Pour Dr Ayache Khellaf, Directeur de la Prévision et de la Prospective au Haut-commissariat au Plan, une nouvelle gestion de ce processus de développement à travers des politiques publiques cohérentes s’impose.
Ecoactu.ma : Cela fait environ 9 mois que le Roi a appelé à un nouveau souffle pour corriger les « dysfonctionnements » du modèle de développement actuel. Où en est aujourd’hui la réflexion devant aboutir à un nouveau modèle de développement pour le Maroc ?

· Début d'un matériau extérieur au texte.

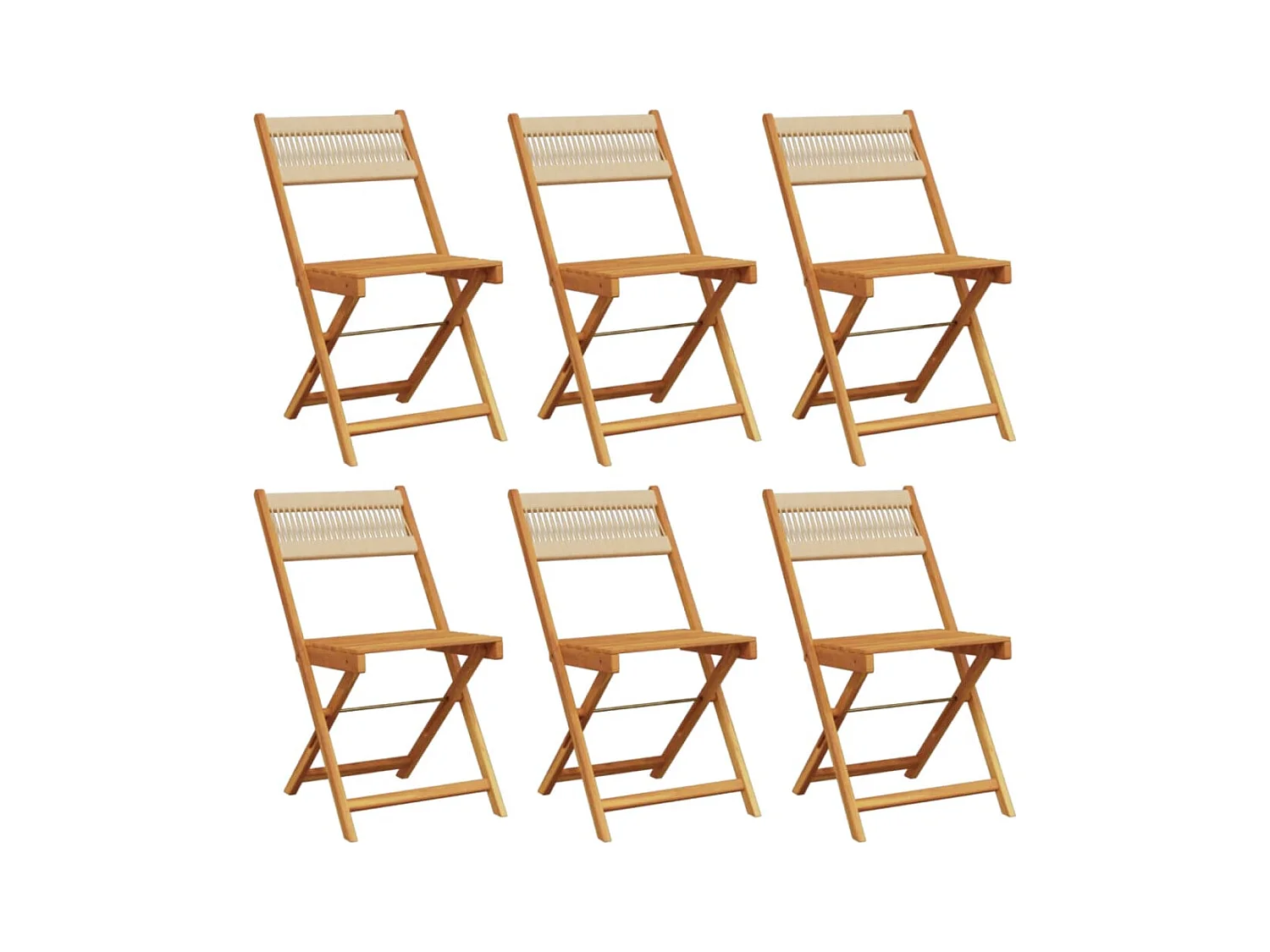 Cadeiras de jardim dobráveis 6 peças madeira de acácia maciça bege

Ayache Khellaf : Sa Majesté le Roi Mohammed VI lors de son discours devant le Parlement en octobre 2017, avait invité « le gouvernement, le Parlement et les différentes institutions ou instances concernées, chacun dans son domaine de compétence, à reconsidérer notre modèle de développement pour le mettre en phase avec les évolutions que connaît le pays ». Malheureusement, jusqu’à présent, nous ne voyons pas encore une réelle réactivité de ces institutions à cet appel de Sa Majesté le Roi, malgré qu’elles soient les premières concernées pour apporter des solutions aux dysfonctionnements que connait le modèle de gestion du processus de développement de notre économie.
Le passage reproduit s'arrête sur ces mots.